* _Exercise goal_
In the records below, find the line with "313531 | Homenaje", then copy each line exactly until you have copied the line with "Anchor Hocking Glass Co Royal Ruby Red". Leave any picture out.

* _Task data_
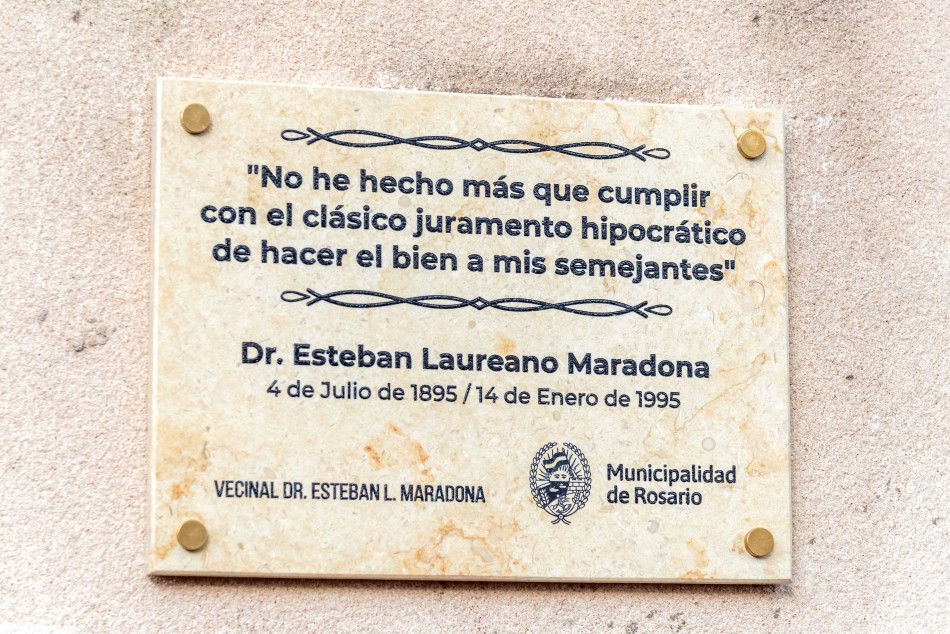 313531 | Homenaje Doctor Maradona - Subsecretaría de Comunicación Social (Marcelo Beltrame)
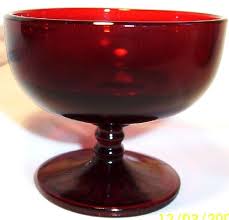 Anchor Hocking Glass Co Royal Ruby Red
---
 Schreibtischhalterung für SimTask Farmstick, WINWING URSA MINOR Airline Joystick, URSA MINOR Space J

* _Your solution_
 313531 | Homenaje Doctor Maradona - Subsecretaría de Comunicación Social (Marcelo Beltrame)
 Anchor Hocking Glass Co Royal Ruby Red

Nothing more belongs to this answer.